# Today is My Chickens' Birthday



## patk (Jun 13, 2013)

happy birthday, ladies! :birthday:


----------



## Charmed (Aug 4, 2014)

I keep meaning to ask what Javelin thinks of the chickens. All pups are naturally curious, but having good role models has to help. Can't believe the hens are already a year old.


----------



## lily cd re (Jul 23, 2012)

Charmed, he is very interested in them. He chased Sarah one day recently but I was able to call him off her. It is a work in progress. Peeves needs a little refresher on his leaving them alone too. I think maybe Javelin's excitability around them has gotten him charged up too. I will have to take Javelin out with Lily or just me and him with some extra special things to occupy his interest more strongly than the birds.

I have been getting 2, 3 or sometimes 4 eggs a day. Rarely none or one. Salome is the best layer and has never had a broody day. Ruthie also is not broody at all, but Rachel and Sarah have each had a couple of rounds of broodiness in the last couple of months. I haven't had to resort to wildly drastic measures to snap them out of it so far.

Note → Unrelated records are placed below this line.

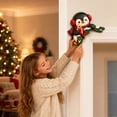 thumbnail image 2 of Qocolcyl Christmas Penguin Door Frame Corner Decor, 2PCS Wooden Holiday Corner Sign, Window Mantel Cabinet Frame Ornament, Xmas Indoor Home Wall Decor, Holiday Party Decoration, 2 of 6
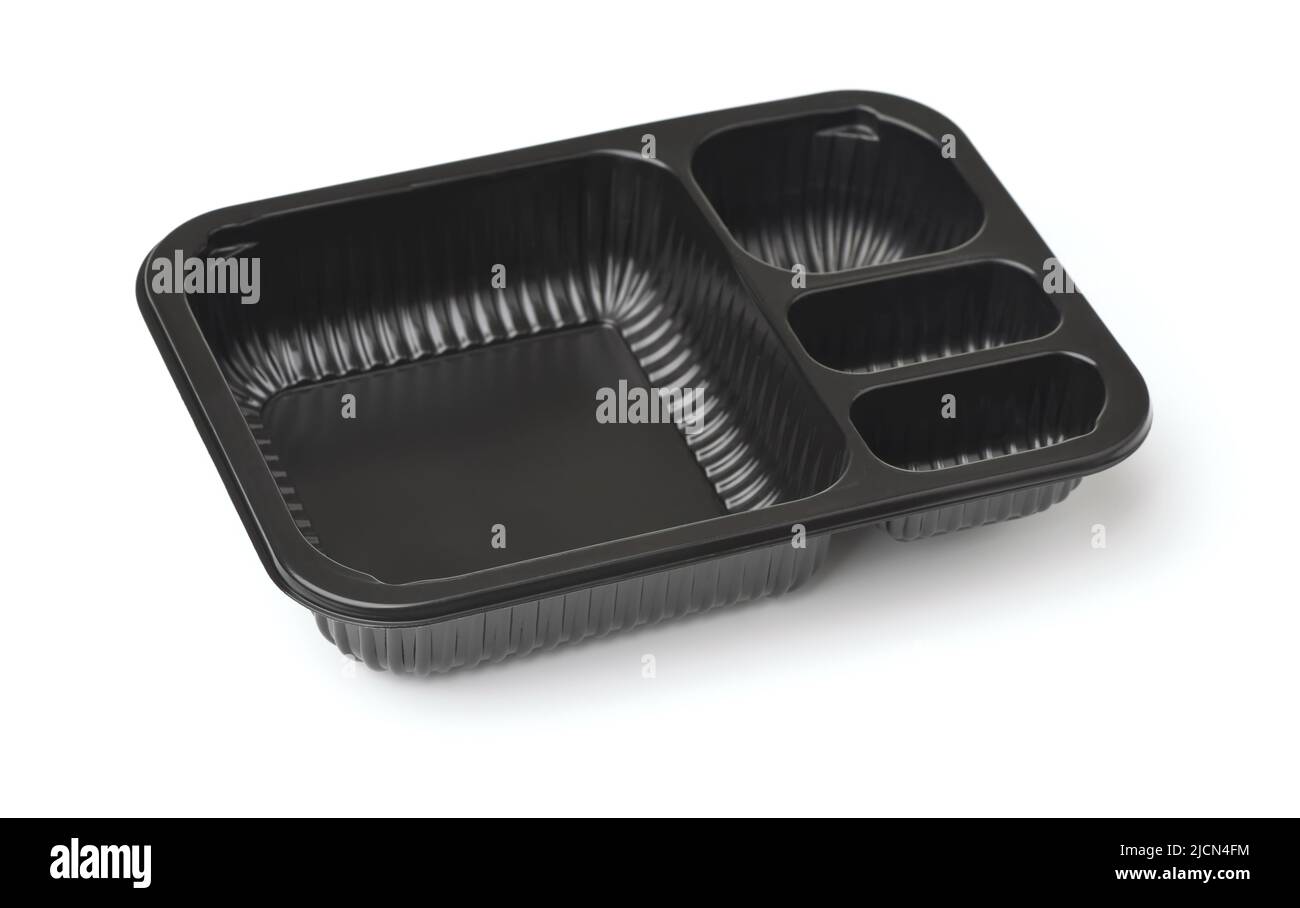 Empty disposable plastic four compartment divided sushi food tray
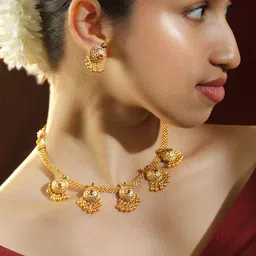 Rubans 18K Gold-Plated Ruby & Emerald Studded Temple Motif Gold Beaded Necklace Set-5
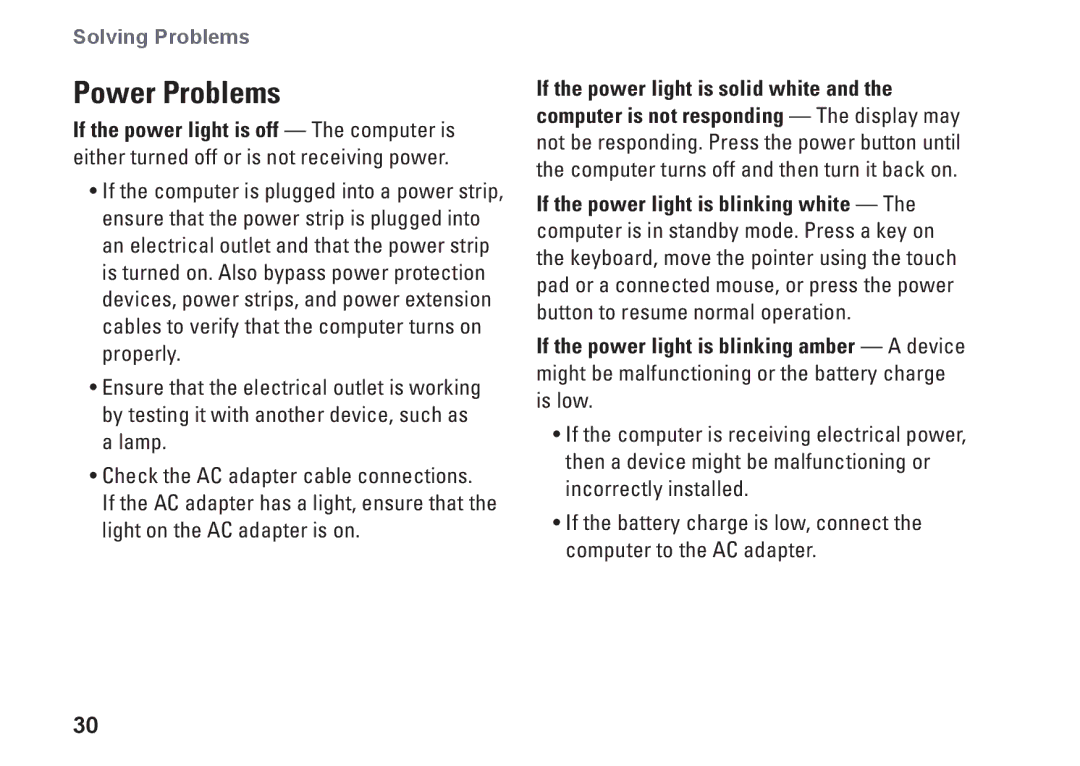 Dell K621P, 1011 setup guide Power Problems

A tiny bit of me misses Reb. He is such a handsome bird, but the crowing at all hours and his aggressiveness were not compatible with happy, safe living.


----------



## MollyMuiMa (Oct 13, 2012)

Happy Birthday Rachel, Sarah, Ruthie, & Salome! Wow a whole year has gone by already? It seems like such a short time ago they were still in pin feathers!!! Glad they turned out to be good layers for you! Fresh eggs..YUM!


----------



## zooeysmom (Jan 3, 2014)

Happy Hatchday, girls! I love chickens. Had several sweet girls growing up.


----------



## Mfmst (Jun 18, 2014)

Happy belated birthday, ladies. You have very nice looking accommodations plus your own security (insecurity?) detail. You hatched in the right place


----------



## lily cd re (Jul 23, 2012)

Mfmst there are days when the quadrapedal mammals provide security and days they don't!


----------